Bonus 1
Question:
Suppose we have N identical looking balls numbered 1 through N and only one of
them is counterfeit ball whose weight is different with the others. Suppose further that
you have one balance scale. Develop a method for finding the counterfeit coin with
minimum number of weighing times in worst case.
Solution:
Without loss of generality, let N = 3k + r, 0 ≤ r < 3. Partition N balls into four groups
A, B, C, and D, where A, B, and C each has k balls and D has r balls. Take A and B on
the left side and right side of the balance, respectively. We have the following two
results.
(1) A ≠ B
The counterfeit ball is either in A or B. Put C and A on both sides of the balance
scale, respectively. We can find the counterfeit ball is heavier or lighter than
normal one according to the weighing result. Then the problem can reduce to how
many weighing times we can find a counterfeit ball which is lighter (heavier)

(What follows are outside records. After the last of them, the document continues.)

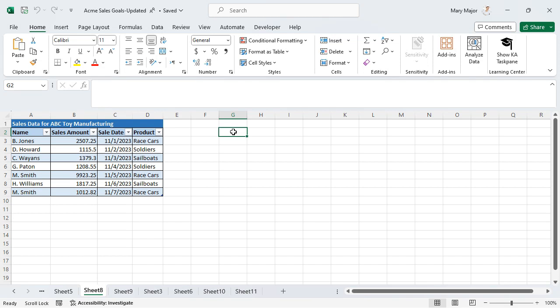Use COUNTIF to count the number of cells that meet a certain criterion. The statistical function COUNTIF is used to count the number of cells that meet a specific criterion.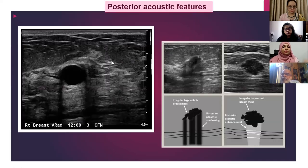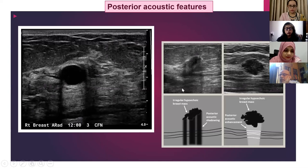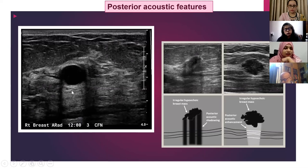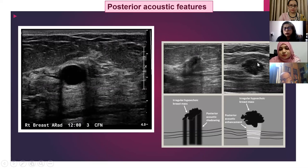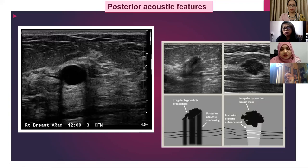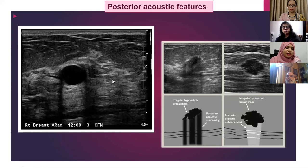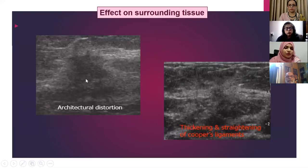Regarding posterior acoustic features, there are two types: posterior acoustic enhancement and posterior acoustic shadowing. We might assume that posterior acoustic enhancement always indicates a cystic lesion, but this is not always true. Very hypercellular tumors can also produce enhancement. Regarding the effect on surrounding breast tissue, there can be architectural distortion, thickening and straightening of Cooper's ligament, skin thickening, or skin retraction.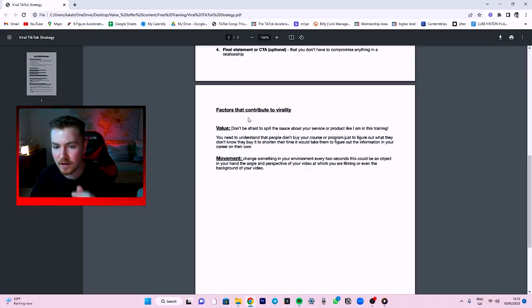Factors that contribute to virality: don't be afraid to spill the sauce about your product or service, like I am in this training. Change something in the video — change the background, change the scenery. These are called pattern interrupts, where the video is just getting boring and then something changes and gets the viewer engaged again.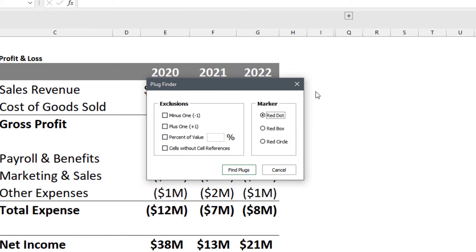A few exclusion options: you can exclude minus or plus ones in the formulas, or exclude a certain percentage of the total value. So that could be used if you're not worried about plugs for very minimal amounts compared to the cell value as a whole, and you can finally exclude cells without cell references.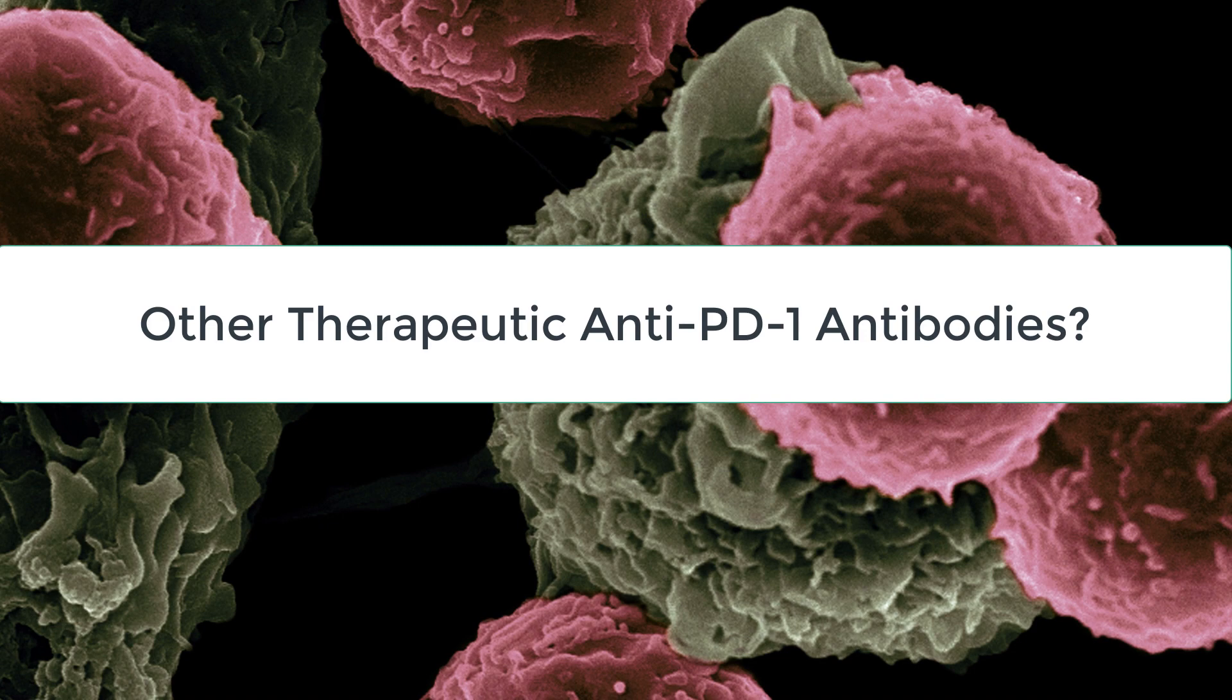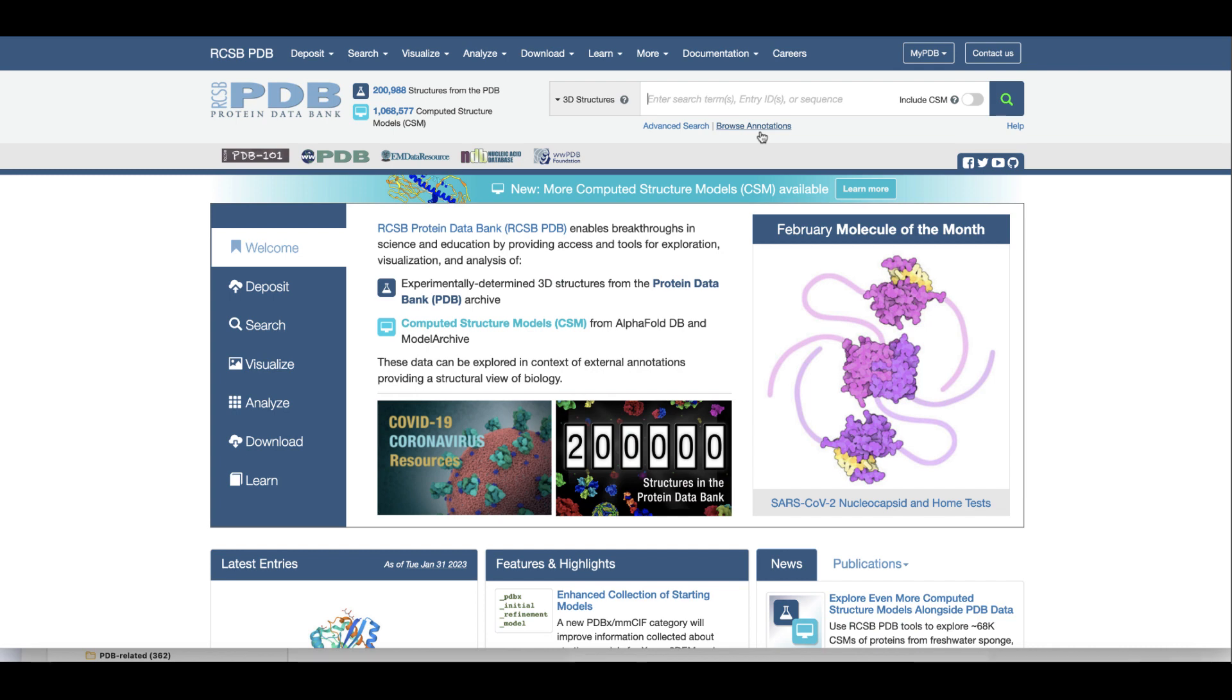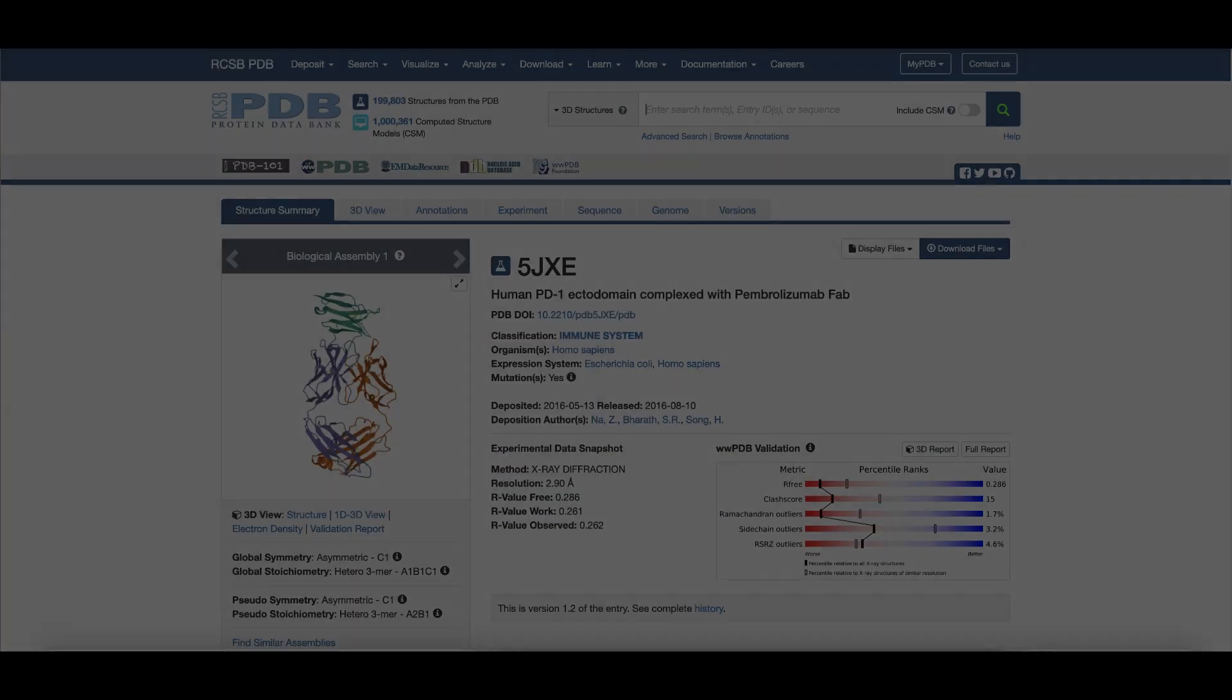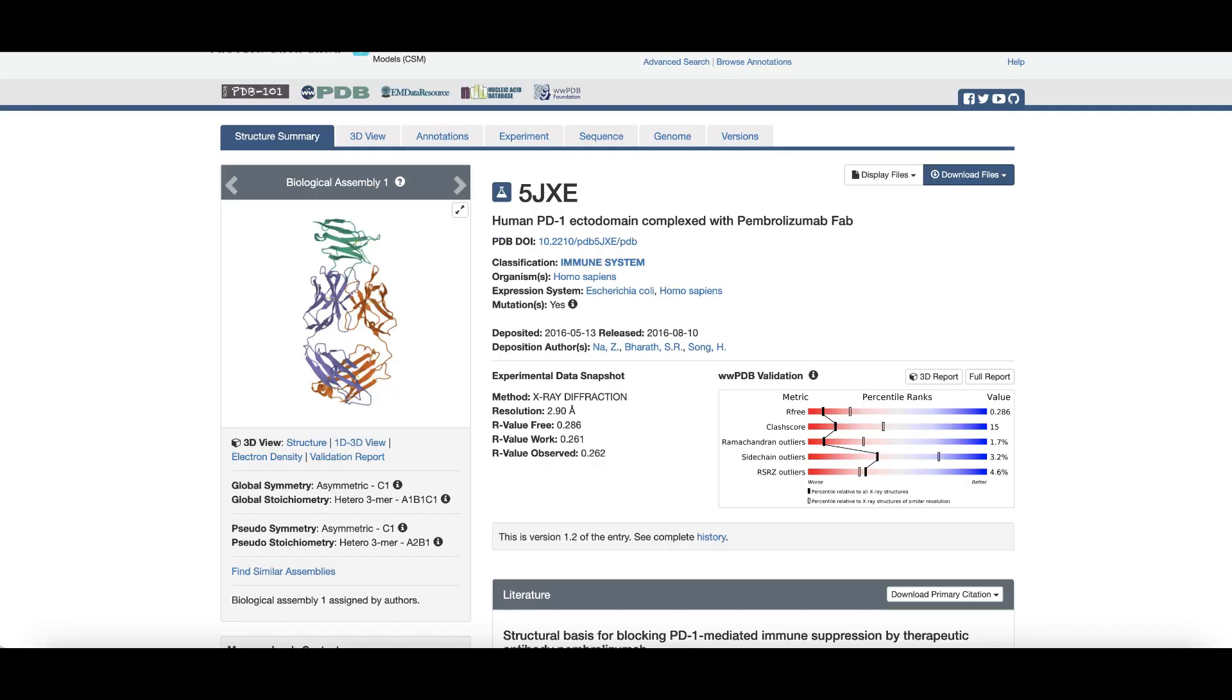Did you know that the U.S. FDA has approved other anti-PD-1 antibodies for cancer therapy? We can use some simple rcsb.org tools to find structures of PD-1 bound to these antibodies and examine how they work. Let's go back to the structure summary page for the PDB ID 5JXE.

among k balls. The number of weighing times to find a lighter (heavier) ball
among k balls is ⌈log3 𝑘⌉. So, the number of weighing times is 2 + ⌈log3 𝑘⌉ =
2 + ⌈log3 𝑁/3⌉ = 1 + ⌈log3 𝑁⌉.
(2) A = B
The counterfeit ball is either in C or D. Take C and A on both sides of the balance
scale, respectively. There are two following results.
1. C = A
The counterfeit ball is in group D. If there is only one ball in D, this ball is the
counterfeit ball. If there are two balls in D, you can find the counterfeit one by
taking a ball in A and a ball in D randomly on the balance scale. So, the
number of weighing times is three.
2. C ≠ A
The counterfeit ball is in C. Note that, we also can know the counterfeit ball is
lighter or heavier than the normal one. So, the number of weighing times is
2 + ⌈log3 𝑘⌉ = 2 + ⌈log3 𝑁/3⌉ = 1 + ⌈log3 𝑁⌉.